The study, published on Monday, was conducted by researchers from the University of Leeds.
It said that the quiz was “highly popular” with students and that they “attended the quiz at a rate of over 50,000 per day.”
It added that there were “a few notable outliers”, such as “a small number of students who attended the house quiz with no knowledge of the quiz and who were therefore unlikely to have participated.”
However, it concluded that “participants who were likely to have received an invitation from a friend or relative” were also likely to attend.
“This is likely because they were not attending a traditional quiz with a large number of peers.”
But the report said that it was not clear whether these were students who were attending a quiz “because they wanted to get to know the house better or because they wanted a quiz to learn from.”
These students would have been unlikely to be participating in a traditional home-study quiz if they had received an invite.
In contrast, Dr Mary said that a quiz is “not an environment that students are interested or comfortable in”. “
There is a great need for learning and we know that when we are with friends, we want to be there and around the people we are interested in,” she said.
In contrast, Dr Mary said that a quiz is “not an environment that students are interested or comfortable in”.
She said that “students who have a need to participate are more likely to participate in a quiz if it is a quiz that they have already been invited to participate on”.
Dr O’Connor said that there was “no question” that a number of those who attended a quiz were likely not students who had received invitations to a traditional house study quiz.
She added: “However, these are the very students who are unlikely to participate because they are not interested in the task or because their parents or grandparents or relatives don’t want them to participate.
These students are likely to return to their traditional study habits in the next year.”
What to know about house study quizzes: Students attending a house study challenge can sign up to take the quiz on the first day of classes in the autumn.
If the house study challenges are not organised for the first year, students may choose to do it on their own.
For students who have attended a traditional study challenge, the task is to complete a short task in their chosen subject.

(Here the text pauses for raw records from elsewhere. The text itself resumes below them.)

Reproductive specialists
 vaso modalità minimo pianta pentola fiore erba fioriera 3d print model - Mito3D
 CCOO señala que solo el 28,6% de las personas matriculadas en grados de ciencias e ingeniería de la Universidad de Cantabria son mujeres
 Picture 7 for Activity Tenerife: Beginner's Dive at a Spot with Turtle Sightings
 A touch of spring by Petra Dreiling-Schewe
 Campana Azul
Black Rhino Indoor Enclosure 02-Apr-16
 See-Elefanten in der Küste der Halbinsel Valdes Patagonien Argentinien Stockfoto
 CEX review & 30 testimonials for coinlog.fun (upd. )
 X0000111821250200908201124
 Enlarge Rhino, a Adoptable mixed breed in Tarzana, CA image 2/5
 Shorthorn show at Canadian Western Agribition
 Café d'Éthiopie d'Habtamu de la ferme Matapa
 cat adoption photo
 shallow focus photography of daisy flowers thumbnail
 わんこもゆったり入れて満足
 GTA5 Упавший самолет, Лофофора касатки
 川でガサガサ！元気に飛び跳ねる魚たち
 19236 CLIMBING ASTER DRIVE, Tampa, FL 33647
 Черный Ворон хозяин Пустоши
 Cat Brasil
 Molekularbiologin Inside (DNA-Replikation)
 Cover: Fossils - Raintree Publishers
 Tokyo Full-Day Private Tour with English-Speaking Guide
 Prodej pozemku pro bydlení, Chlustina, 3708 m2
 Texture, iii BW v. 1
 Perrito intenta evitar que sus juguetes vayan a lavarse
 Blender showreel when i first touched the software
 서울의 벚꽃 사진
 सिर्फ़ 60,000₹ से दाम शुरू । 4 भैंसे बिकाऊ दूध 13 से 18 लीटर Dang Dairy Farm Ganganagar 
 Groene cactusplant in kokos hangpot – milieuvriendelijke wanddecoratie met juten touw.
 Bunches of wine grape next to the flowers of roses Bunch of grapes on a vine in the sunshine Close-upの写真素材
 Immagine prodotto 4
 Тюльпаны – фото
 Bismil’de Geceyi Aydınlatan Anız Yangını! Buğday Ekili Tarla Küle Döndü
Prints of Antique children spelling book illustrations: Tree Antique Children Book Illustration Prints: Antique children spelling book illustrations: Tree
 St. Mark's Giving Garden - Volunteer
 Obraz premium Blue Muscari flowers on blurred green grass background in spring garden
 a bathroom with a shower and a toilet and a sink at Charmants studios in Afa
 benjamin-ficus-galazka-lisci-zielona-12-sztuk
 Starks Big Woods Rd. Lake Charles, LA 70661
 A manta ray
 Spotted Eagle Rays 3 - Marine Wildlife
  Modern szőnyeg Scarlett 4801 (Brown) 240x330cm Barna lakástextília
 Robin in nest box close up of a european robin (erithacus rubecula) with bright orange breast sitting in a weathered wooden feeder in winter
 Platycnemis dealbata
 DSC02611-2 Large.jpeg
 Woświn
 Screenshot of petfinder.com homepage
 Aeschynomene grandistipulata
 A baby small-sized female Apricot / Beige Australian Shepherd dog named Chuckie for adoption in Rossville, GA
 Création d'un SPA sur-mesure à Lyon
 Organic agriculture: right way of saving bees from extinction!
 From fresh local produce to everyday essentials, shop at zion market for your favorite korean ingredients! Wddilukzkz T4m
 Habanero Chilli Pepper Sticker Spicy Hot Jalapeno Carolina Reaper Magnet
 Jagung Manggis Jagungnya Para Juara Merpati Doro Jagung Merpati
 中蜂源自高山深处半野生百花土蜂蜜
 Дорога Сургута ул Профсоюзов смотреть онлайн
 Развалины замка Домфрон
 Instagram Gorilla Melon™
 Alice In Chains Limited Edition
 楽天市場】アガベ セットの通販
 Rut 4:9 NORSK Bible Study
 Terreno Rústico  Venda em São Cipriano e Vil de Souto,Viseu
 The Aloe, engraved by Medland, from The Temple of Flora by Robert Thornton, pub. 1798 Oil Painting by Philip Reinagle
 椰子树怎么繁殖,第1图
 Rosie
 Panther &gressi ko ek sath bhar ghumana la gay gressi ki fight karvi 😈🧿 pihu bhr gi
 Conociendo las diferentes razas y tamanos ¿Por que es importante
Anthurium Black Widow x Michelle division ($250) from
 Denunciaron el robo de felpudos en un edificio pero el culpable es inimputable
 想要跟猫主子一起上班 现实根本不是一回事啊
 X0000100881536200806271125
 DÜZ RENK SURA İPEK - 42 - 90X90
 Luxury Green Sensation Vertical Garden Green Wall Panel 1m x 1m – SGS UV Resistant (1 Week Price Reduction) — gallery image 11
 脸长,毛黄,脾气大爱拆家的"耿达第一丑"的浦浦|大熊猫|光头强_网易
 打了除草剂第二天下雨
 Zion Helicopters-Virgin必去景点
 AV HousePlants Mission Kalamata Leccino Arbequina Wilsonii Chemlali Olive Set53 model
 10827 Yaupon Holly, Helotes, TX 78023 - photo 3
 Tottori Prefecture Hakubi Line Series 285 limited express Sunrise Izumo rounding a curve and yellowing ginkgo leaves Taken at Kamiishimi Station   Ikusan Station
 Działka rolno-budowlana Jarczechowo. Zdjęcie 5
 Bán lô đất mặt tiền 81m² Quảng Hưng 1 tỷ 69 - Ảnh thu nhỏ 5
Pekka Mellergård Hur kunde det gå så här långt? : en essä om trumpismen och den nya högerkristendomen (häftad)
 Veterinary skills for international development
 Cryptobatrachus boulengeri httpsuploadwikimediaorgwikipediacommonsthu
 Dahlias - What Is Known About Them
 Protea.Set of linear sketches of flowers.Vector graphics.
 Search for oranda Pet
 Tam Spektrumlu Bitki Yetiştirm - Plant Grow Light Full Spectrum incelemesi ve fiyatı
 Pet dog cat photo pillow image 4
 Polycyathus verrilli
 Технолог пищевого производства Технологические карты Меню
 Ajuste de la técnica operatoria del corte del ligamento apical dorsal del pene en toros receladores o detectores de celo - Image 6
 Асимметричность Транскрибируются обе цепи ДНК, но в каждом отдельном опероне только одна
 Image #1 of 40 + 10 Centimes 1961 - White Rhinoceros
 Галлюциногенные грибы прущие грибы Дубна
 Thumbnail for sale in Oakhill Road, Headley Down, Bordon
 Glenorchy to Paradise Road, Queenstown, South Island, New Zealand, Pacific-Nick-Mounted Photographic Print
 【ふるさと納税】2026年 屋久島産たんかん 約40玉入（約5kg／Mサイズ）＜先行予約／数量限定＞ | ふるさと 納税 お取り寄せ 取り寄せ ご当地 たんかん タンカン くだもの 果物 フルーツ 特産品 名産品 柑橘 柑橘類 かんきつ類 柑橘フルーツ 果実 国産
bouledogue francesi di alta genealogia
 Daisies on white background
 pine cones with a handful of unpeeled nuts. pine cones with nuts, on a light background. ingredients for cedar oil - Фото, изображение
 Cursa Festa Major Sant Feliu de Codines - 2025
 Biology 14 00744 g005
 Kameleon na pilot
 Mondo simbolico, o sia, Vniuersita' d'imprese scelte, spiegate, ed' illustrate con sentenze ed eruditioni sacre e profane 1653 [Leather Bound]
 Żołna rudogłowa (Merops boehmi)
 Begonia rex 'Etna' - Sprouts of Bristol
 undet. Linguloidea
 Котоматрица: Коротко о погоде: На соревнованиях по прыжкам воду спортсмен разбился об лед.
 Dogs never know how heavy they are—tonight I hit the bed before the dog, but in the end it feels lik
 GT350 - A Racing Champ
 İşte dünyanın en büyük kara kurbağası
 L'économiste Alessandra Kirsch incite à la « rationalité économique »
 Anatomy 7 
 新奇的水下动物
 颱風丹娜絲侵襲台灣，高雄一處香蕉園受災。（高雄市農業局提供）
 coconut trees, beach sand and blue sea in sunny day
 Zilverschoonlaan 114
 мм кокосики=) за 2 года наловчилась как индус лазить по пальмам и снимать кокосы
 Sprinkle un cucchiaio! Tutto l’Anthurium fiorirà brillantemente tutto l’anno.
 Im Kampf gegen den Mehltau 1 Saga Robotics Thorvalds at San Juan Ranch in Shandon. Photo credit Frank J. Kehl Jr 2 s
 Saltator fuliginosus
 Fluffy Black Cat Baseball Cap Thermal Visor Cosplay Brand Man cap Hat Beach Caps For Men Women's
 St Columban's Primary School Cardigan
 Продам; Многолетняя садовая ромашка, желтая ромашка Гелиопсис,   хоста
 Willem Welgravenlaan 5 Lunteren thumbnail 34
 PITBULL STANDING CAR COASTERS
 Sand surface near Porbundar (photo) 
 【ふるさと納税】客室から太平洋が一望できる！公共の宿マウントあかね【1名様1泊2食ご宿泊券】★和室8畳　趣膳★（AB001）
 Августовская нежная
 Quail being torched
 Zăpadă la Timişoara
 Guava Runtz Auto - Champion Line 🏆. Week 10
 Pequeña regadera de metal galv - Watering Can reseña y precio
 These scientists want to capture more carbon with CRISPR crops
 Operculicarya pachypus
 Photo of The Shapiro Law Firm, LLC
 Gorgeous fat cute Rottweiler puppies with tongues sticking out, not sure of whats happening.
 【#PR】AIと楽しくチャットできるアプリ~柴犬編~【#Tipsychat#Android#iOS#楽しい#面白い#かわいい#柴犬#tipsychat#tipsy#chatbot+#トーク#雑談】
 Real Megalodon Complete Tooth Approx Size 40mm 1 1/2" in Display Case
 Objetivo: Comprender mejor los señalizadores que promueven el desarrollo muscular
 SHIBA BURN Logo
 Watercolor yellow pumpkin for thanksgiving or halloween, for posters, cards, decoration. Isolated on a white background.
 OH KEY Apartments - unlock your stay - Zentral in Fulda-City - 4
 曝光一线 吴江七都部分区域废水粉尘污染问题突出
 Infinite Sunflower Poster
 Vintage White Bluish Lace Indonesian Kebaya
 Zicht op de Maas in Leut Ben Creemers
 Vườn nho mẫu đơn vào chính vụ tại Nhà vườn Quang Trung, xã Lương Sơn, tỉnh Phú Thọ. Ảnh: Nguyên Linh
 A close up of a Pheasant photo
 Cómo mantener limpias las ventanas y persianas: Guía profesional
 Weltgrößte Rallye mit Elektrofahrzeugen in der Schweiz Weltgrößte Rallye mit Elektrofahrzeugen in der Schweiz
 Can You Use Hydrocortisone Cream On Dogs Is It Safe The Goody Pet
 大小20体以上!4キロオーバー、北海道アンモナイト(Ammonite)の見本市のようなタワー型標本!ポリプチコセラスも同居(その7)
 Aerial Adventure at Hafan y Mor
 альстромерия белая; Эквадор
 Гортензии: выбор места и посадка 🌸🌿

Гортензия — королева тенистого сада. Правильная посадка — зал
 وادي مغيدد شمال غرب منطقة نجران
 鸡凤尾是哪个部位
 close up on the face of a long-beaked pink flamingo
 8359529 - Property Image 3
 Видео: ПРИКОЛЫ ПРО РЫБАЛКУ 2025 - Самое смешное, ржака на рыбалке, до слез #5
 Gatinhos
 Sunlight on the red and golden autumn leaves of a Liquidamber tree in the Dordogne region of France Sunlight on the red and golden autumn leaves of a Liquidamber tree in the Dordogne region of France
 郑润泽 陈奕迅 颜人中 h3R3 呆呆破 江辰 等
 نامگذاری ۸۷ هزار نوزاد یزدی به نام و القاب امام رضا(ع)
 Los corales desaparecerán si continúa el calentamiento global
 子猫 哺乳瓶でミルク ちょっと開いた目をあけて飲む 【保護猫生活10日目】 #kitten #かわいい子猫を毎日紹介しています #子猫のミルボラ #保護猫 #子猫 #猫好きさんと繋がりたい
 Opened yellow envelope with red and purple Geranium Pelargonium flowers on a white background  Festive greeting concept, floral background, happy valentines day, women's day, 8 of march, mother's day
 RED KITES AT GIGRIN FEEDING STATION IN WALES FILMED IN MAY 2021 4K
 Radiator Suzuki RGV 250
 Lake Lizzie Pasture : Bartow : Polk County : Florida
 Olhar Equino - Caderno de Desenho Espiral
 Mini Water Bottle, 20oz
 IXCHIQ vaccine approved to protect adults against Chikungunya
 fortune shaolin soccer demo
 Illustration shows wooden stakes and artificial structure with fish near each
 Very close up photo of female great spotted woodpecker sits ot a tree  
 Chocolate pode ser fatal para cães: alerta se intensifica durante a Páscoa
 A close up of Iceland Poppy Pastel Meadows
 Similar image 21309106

This task may include studying a book or an essay or learning about the home.
Students are allowed to attend the quiz once a week and will be judged on how well they did.
There are currently five home study challenge formats, including: The HOGS (Hogwart’s House Study Quiz) format, where students will learn about the history and geography of Hogwarts in the early years of the school; The Gryffindor House Study, where they will study their favourite characters from the series; A House of Gryffin format where they study a specific topic; House of the First Wizard format where students study a particular character; Dumbledore’s Army format where a group of students work together to defeat Voldemort; and A Hogwarts House Study Challenge format where each student completes a particular task and they are judged on their performance.
Some students have asked if there is a different format for those who do not attend the traditional quiz.
The answer is no, because the format is the same for all houses.
While house study quiddos are compulsory for all students, there are exemptions.
A student is exempt if they are an academic, a family member or someone who has attended the same house as a student.
Those who have not attended a home study quiz in the past year are exempt from the quiz.
In 2016, students attending the Hogwart’s house quiz received a letter inviting them to take part.
An official note from the organisers said that they were “very pleased” to welcome them to the quiz, and that the Quidditch World Cup “will be played at the same time as the quiz.”
There was also a sign-up sheet, and the quiz’s website said: “You can sign-in on your own or through our free web-based registration system.
Students will be invited to visit the Quaffle and participate in the quiz from the time they arrive in the house, whether they have taken part in the previous quiz or not.”